Man fragt sich bisweilen schon, wann und wie die Frau dies alles schafft! Lesereisen nicht nur durch die Republik, sondern über den Kontinent, über mehr als einen. Dazu Poetikdozenturen an den Universitäten von Landau, Sheffield und Kiel, Einladungen zu Diskussionen in Funk und Fernsehen, Beiträge und Glossen für Feuilletons nicht ganz unwichtiger Blätter – wie etwa für die Neue Zürcher Zeitung – seit April 2010 Leiterin des Internationalen Künstlerhauses Villa Concordia in Bamberg, außerdem Arbeit an diversen Projekten und Büchern, darunter auch an einer Dissertation über „Horrorfilme und -literatur seit 2001“.

Die Beschäftigung mit dem Horrorgenre hat nun Früchte getragen in Form des soeben bei Voland & Quist in Leipzig erschienenen Bandes Monster Poems. Illustriert hat ihn der freie Graphiker Reimar Limmer, der derzeit sein Zuhause in Bamberg hat. Sämtliche Gedichte hat Gomringer auf CD eingesprochen, die dem fein gestalteten Buch beigefügt ist.

Drei vorangestellte Motti von W. G. Sebald („Genau kann niemand erklären, was in uns geschieht, wenn die Türe aufgerissen wird, hinter der die Schrecken der Kindheit verborgen sind.“), von Shakespeare („Hell is empty / and all the devils are here.“) und von Michael Jackson (aus „Thriller“) schlagen den Gruselton an. Nicht immer geht es in den Monster Poems um Gestalten aus dem Film und der Popkultur. Manches Mal geht es Gomringer, wie sie in den Anmerkungen schreibt, „um unbestimmte Gefühle, Ängste und Traumata aus dem Alltagsleben“: „Mich interessiert, wer oder was ein Monster ist oder auch sein kann, wie es zum Monster wird und inwieweit das Konzept ‚monströs‘ auf alle Menschen zutrifft.“

Die Hölle, oder, wie es bei Joseph Conrad heißt: „The horror!
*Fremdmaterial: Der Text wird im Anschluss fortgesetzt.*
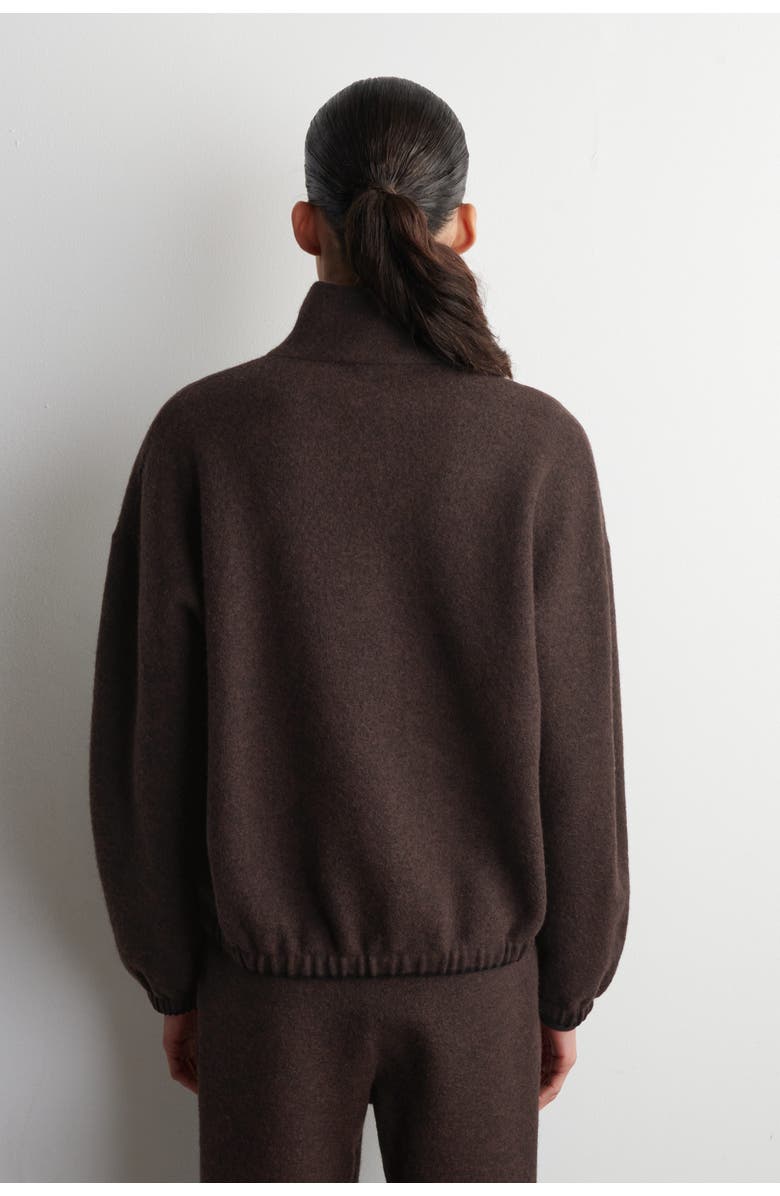 COS Boiled Merino Wool Zip-up Jumper, Alternate, color, Brown Mélange
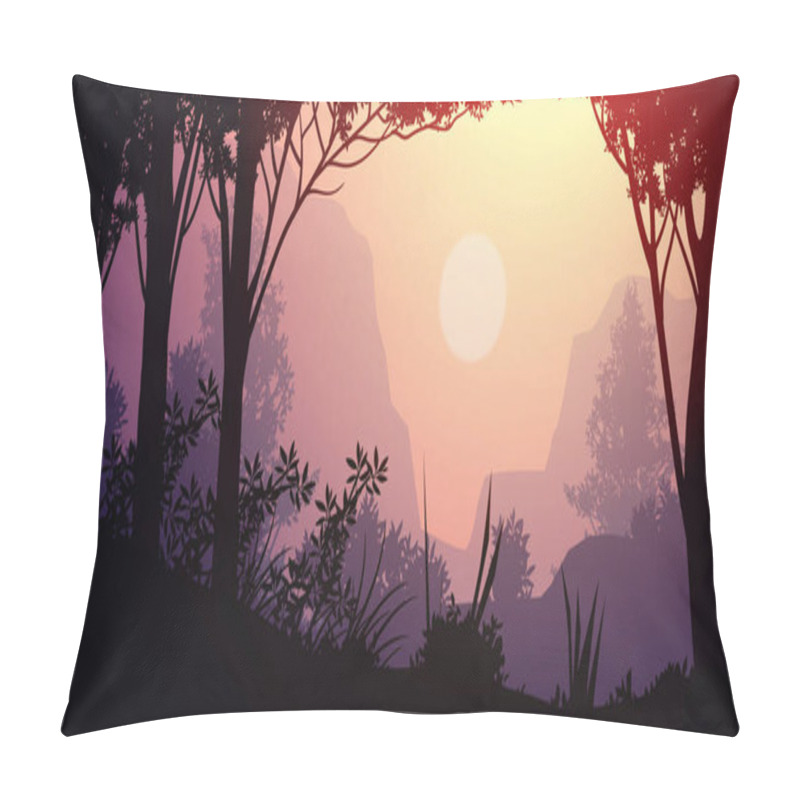 Personality  Natural Forest Mountains Horizon Hills Silhouettes Of Trees. Evening Sunrise And Sunset. Landscape Wallpaper. Illustration Vector Style. Colorful View Background. Pillow Covers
The horror!“, war das Leben für Sylvia Plath über weite Strecken. Das titelgebende „P“ im eingangs gebrachten Schreckensbeispiel steht laut Anmerkung für Anthony Perkins, findet sich freilich genauso in dessen wohl größtem Erfolg (eben erfolgreicher noch als „Lieben Sie Brahms?“), dem von Alfred Hitchcock gedrehten „Psycho“ (1960), sowie in Plath. 1963 hatte Sylvia Plath von Ted Hughes, in dessen Gedichten es an Schrecken und Gewalt nicht mangelt, von der Hölle, von der Depression, die ihr Leben war, genug und steckte in London den Kopf in die Röhre (siehe dazu den Eintrag innerhalb dieser Kolumne vom 11. Februar, „Sterben ist eine Kunst, wie alles. Ich bin darin eine Meisterin.“).

Gomringer, die Ende Januar 1980 im saarländischen Neunkirchen geborene vielfach Preisgekrönte, de-monstriert in ihren neuen Poemen einmal mehr, daß sie „etwas mit der Sprache machen“ kann, beispielsweise immer wieder überraschende und -zeugende Neologismen kreiert. „Echsemplar“ heißt eines ihrer Gedichte, „Evatar“ ein zweites. Auch den Illustration von Reimar Limmer gelingt, ausgehend vom jeweiligen Text, immer wieder überraschend Neues, etwa wenn er zwei photographische Portraits, Sylvia Plath hier, Anthony Perkins dort, zu einem einzigen collagiert.

NB: Derzeit ist Nora Gomringer in Sachen Jean Paul unterwegs. Die Monster Poems wird sie am 12. April um 19.30 Uhr in der Evangelischen Stadtakademie Nürnberg vorstellen.